The community was severely flooded in early May and officials are still assessing the level of damage.
“Whether it’s permanent or whether it’s a temporary home, we need to look at how we could be able to make that happen,” he said.
But Chief Antoine said the situation has been more complicated than he would like.
“I think for the homeowners, it’s a slow process,” Chief Antoine told CKLB Tuesday afternoon. “There’s been a request for assistance. However, again, it’s slow and it’s frustrating for the homeowners.”
Few answers at public meeting
The Standing Committee on Accountability and Oversight held a public meeting on Tuesday evening, to discuss the territorial government’s response to flooding in the Dehcho.
Despite lasting nearly two hours, few details on the Government of the Northwest Territories (GNWT) relief plans were revealed.
Paulie Chinna, the minister of Municipal and Community Affairs (MACA) provided a presentation with the GNWT’s flood plan.
She said residents affected by the floods will be eligible for up to $100,000 under the Disaster Financial Assistance policy.
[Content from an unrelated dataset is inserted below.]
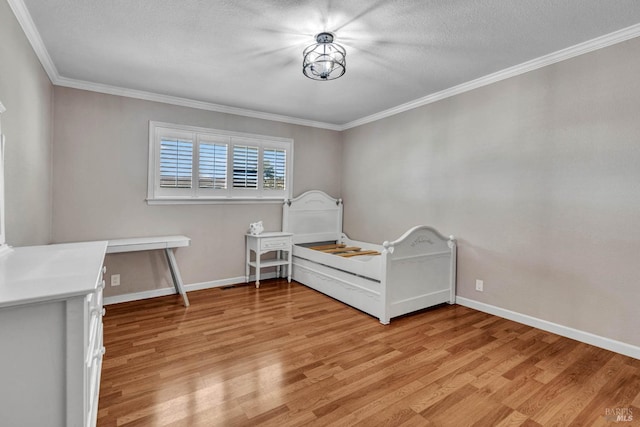 unfurnished bedroom featuring light wood-style floors, ornamental molding, and baseboards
But it is unclear how victims can access the funds.
“I’m not sure we’re really getting to the bottom of this,” said Kevin O’Reilly, chair of the committee, at one point during the meeting.
Rylund Johnson, MLA for Yellowknife North, agreed.
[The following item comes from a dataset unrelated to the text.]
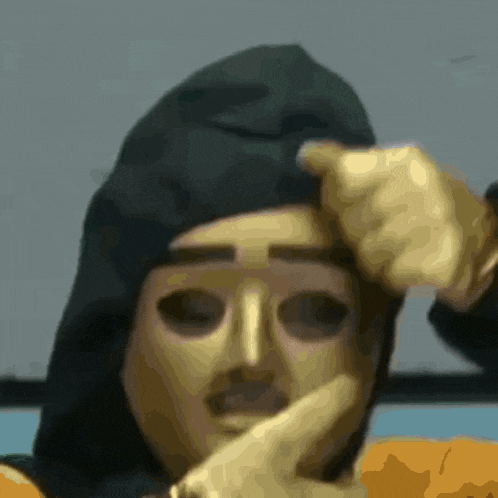 a close up of a person wearing a hood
“I’m still very confused about how the disaster assistance policy applies to residents,” he said, over an hour and a half into the meeting. “Through this whole presentation, I just don’t understand what the people on the ground should be doing in order to get money.”
Johnson asked if the victims need to spend their own money and then invoice MACA, or if they are waiting for a cheque.
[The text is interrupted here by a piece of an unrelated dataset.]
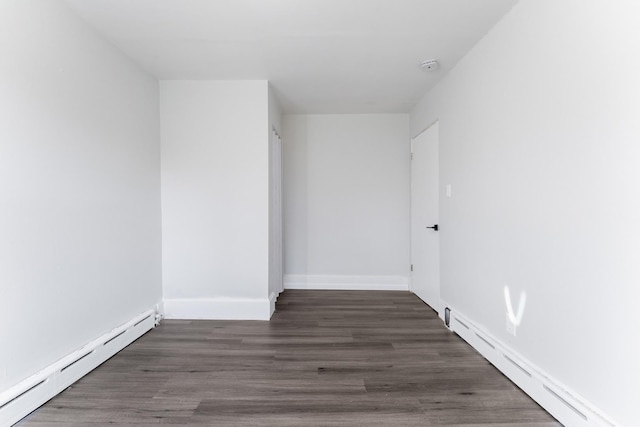 empty room with dark wood-type flooring and a baseboard radiator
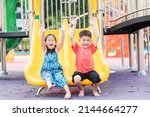 Asian child smiling playing on slider bar toy outdoor playground, happy preschool little kid having funny while playing on the playground equipment in the daytime in summer, Little girl boy climbing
Rocky Simpson, MLA for Hay River South, said he worries about compensation for the victims.
“If anybody is expecting to be fully compensated for any damage, they’re out of luck,” Simpson said. “I would tell those individuals, those victims, don’t spend your money because if you spend your money, you won’t get it back.”
Chinna acknowledged her department is looking into ways to prevent victims from being reimbursed for renovations. She added she is aware that very few people have enough money for such expensive renovations.
Chinna added the damage is still being assessed, after that more can be determined on how the money will be distributed.
Another point of discussion was future prevention and Chinna acknowledged certain things could’ve been done better.
“I should have gone in[to the communities] a lot earlier,” she said, but added the community leadership didn’t want ministers in at the time.
Equally confusing for residents
Dennis Nelner, a resident of Fort Simpson whose home was damaged by flood waters, said he is unsure of what his next steps are.
“We really need the government to reassure us homeowners out there, we’re going to get full value for our properties,” he said. “At the same time we got to know whether we should be rebuilding, tearing down, or renovating.”
He said he feels as though the territorial government hasn’t even begun the appropriate conversations.
“In some jurisdictions, if you’re in a flood zone, the government will pay you out so that you can move somewhere else within the community,” he said. “I don’t hear those discussions.”
Going forward, Chief Antoine said the community should start looking at ways to build more infrastructure on the high ground.
Jean Marie River remains evacuated
All Fort Simpson evacuees residing in other communities have returned to their homes, but Tthets’éhk’edélî First Nation (Jean Marie River) is still evacuated.
CKLB was in the community shortly after the flooding and saw the extent of the damage. The majority of homes were affected as well as several community buildings.
Chief Stanley Sanguez previously told CKLB an entire row of houses near the community’s airport needs to be rebuilt.
Numerous residents remain at the Snowshoe Inn in Fort Providence.
Melania Norwegian, a resident of Jean Marie River First Nation, said she doesn’t feel as though the community has been supported.
“It’s been very confusing,” she says of the GNWT, “I think the people that are donating that donated to us are doing more than the total government.”
“People in Jean Marie had hopes, they really believed in this government.”